I believe I should have something as $A_z = (0, \sigma(z,-v))$ but this is not the main thing I am interested in here.
Edit: following the answer from Christian Blatter (thanks a lot for your help), the integral is only over the half space $n_z \cdot v > 0$, where $n_z$ is the normal vector at the surface at the point $z$. I am still looking for a rigourous derivation of the Jacobian in the general case (the case of a half ball is quite clear).
I suggest assuming $v$ to be a unit vector.
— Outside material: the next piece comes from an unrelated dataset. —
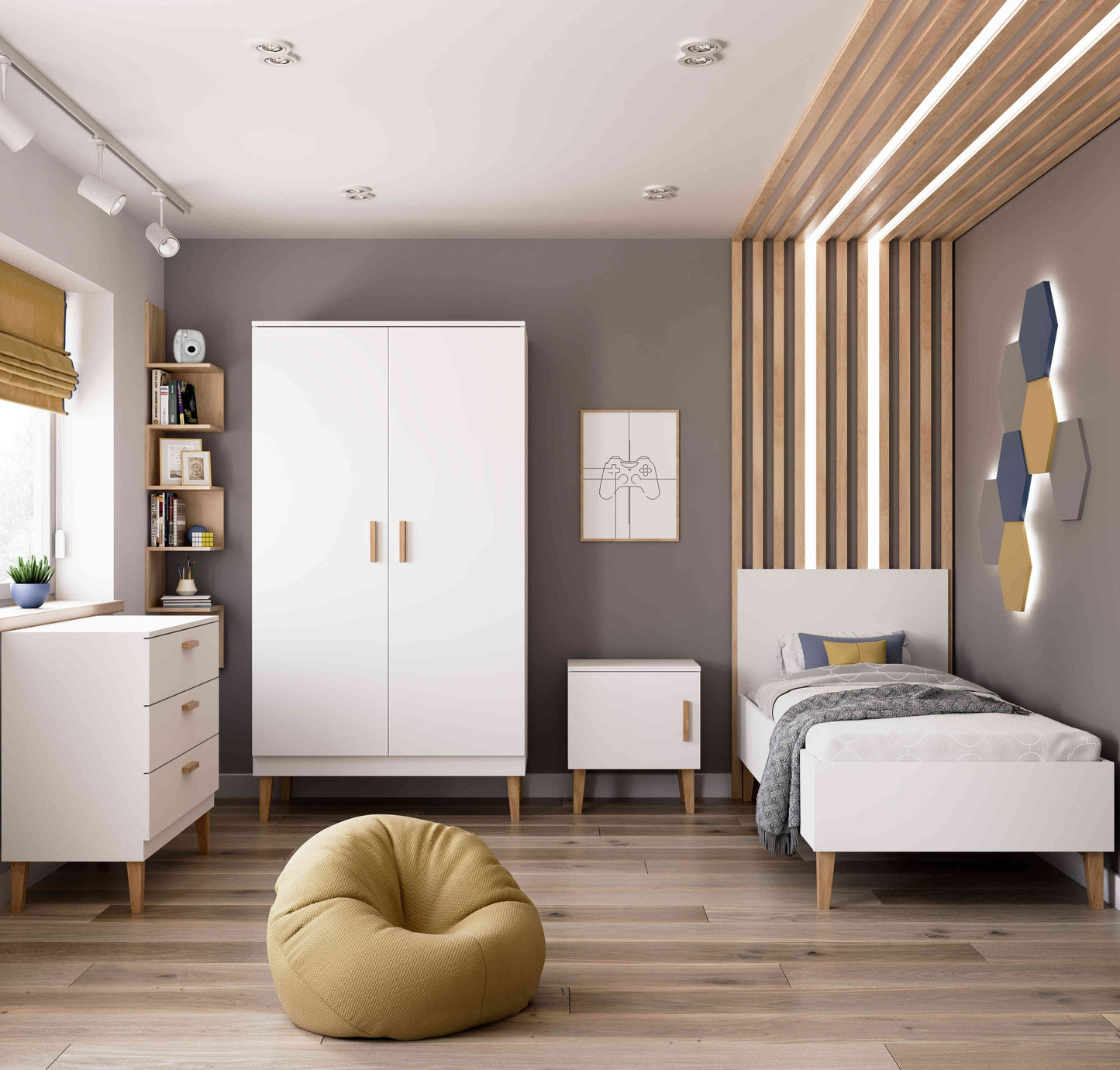 Bedside Table Kubi - White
If ${\rm d}z$ denotes the scalar surface element on $\partial\Omega$ then the factor $|v\cdot n_z|$ already is the Jacobian.
First try to understand whats happening in the case when $\Omega$ is a ball in ${\mathbb R}^3$ and $v=e_3$. A surface element ${\rm d}z$ then "covers" a slab of cross section area $|v\cdot n_z|{\rm d}z$ and length the distance from the point $z\in\partial\Omega$ to the other point $z- \lambda(z) v\in\partial\Omega$, if such a point exists. The $t$-integral then is over the interval $[0,\lambda(z)]$.
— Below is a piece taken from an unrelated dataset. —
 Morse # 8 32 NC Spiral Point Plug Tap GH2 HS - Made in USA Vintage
The main defect of the proposed formula is that the integral is not over the full boundary $\partial\Omega$ but only over the part of it where $v\cdot n_z>0$. Determining this part in a general situation is not easy.
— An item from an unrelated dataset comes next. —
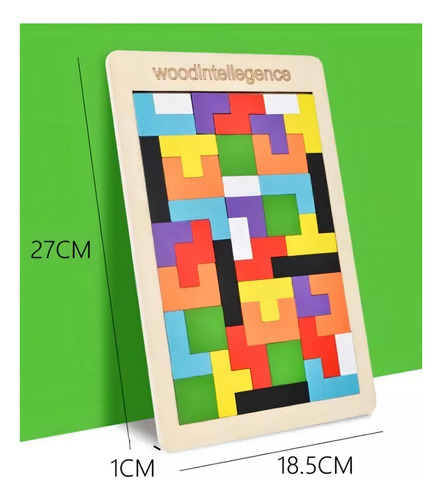 Rompecabezas Madera Bloques De Madera 3d Tangram Didáctico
In order to simplify matters assume that $\Omega$ is convex, and that $v=e_n$. Write the points $x\in{\mathbb R}^n$ as $x=(x',z)$ with $x'=(x_1,\ldots, x_{n-1})$. Let $\Omega'$ be the projection of $\Omega$ to the $x'$-base. Then there are two functions $a$, $b:\ \Omega'\to{\mathbb R}$ such that $$\Omega=\bigl\{(x',z)\bigm|x'\in\Omega', \ a(x')\leq z\leq b(x')\bigr\}\ .$$The left hand side of the intended formula is then given by $$\int_\Omega f(\sigma(x), y(x))\>{\rm d}(x)=\int_{\Omega'}\int_{a(x')}^{b(x')} f\bigl(\sigma(x',z), y(x',z)\bigr)\>dz\>{\rm d}(x')\ .$$ Now work your way to the RHS whereby ${\rm d}(x')$ is replaced by the scalar surface element ${\rm d}\omega$ on the upper boundary of $\Omega$. Note that integrating with respect to ${\rm d}\omega$ is just "symbolic". In reality we have an integral over the $(n-1)$-dimensional domain $\Omega'$ and the $x_n$-variable, denoted by $z$ here.